● What to work on
Print exactly the lines below between the line containing "Corrugated Lines Printed" and the line containing "PINK Victoria's‎ Secret", counting both of those lines. Leave pictures out.

● Dataset content
Segment Open
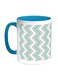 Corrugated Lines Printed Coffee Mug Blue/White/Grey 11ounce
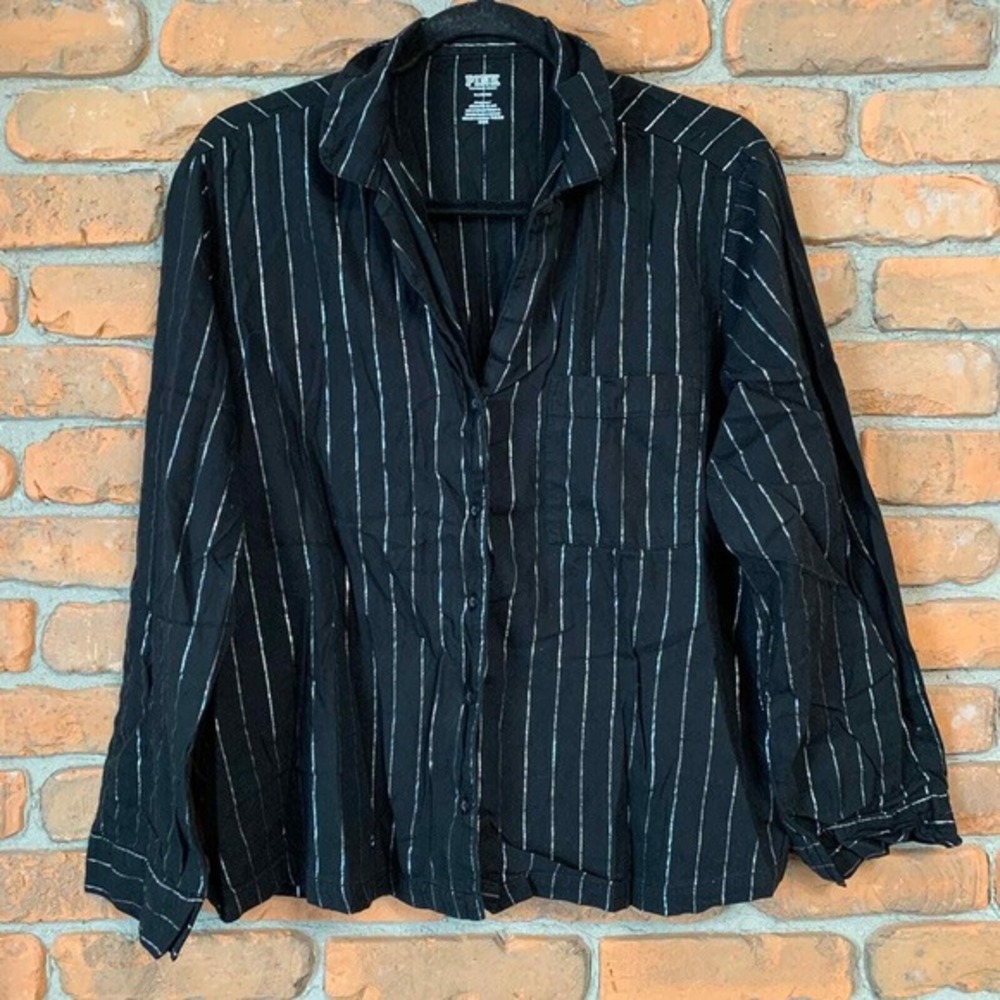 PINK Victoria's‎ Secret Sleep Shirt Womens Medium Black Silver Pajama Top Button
Segment Closed
Segment Open
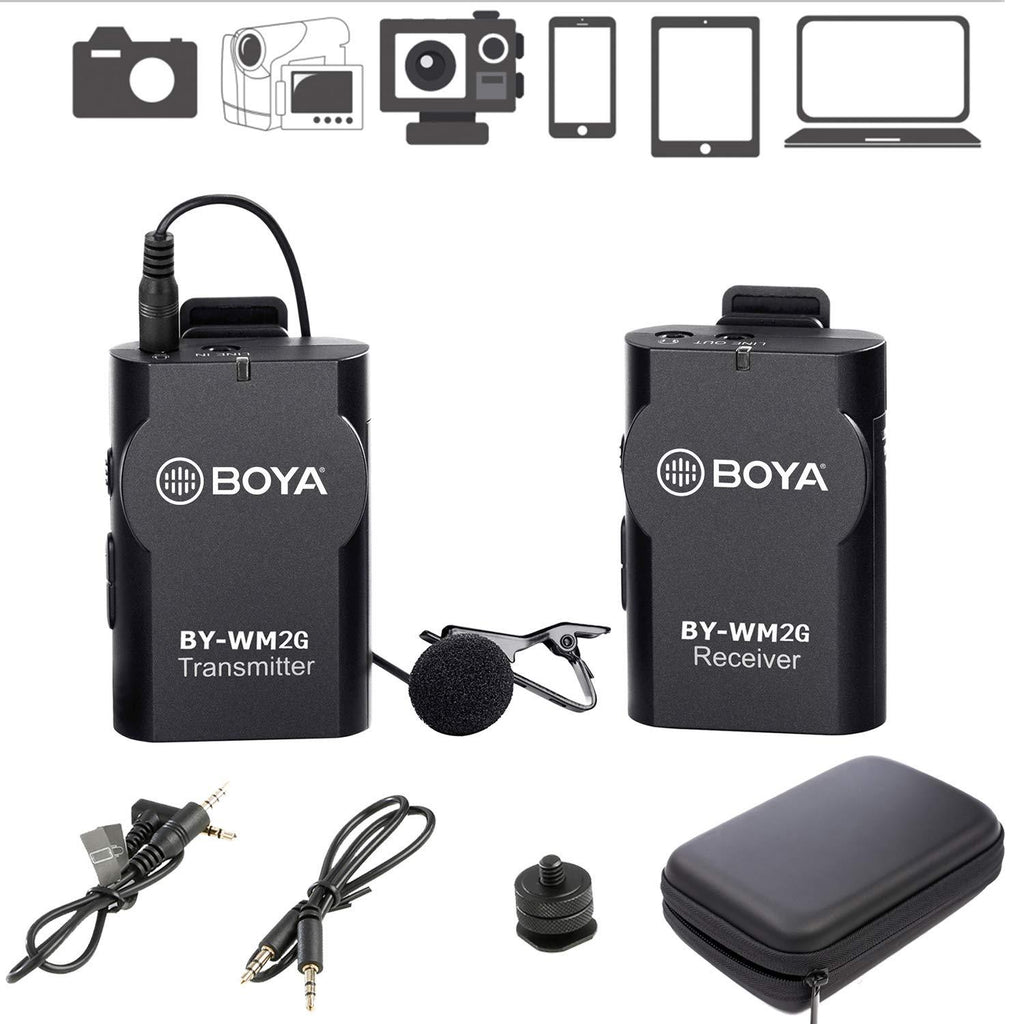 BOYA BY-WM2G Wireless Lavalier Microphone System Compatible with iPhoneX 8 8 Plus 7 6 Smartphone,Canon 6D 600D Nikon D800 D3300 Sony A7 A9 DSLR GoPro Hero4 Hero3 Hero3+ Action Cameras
Segment Closed
● Written answer
 Corrugated Lines Printed Coffee Mug Blue/White/Grey 11ounce
 PINK Victoria's‎ Secret Sleep Shirt Womens Medium Black Silver Pajama Top Button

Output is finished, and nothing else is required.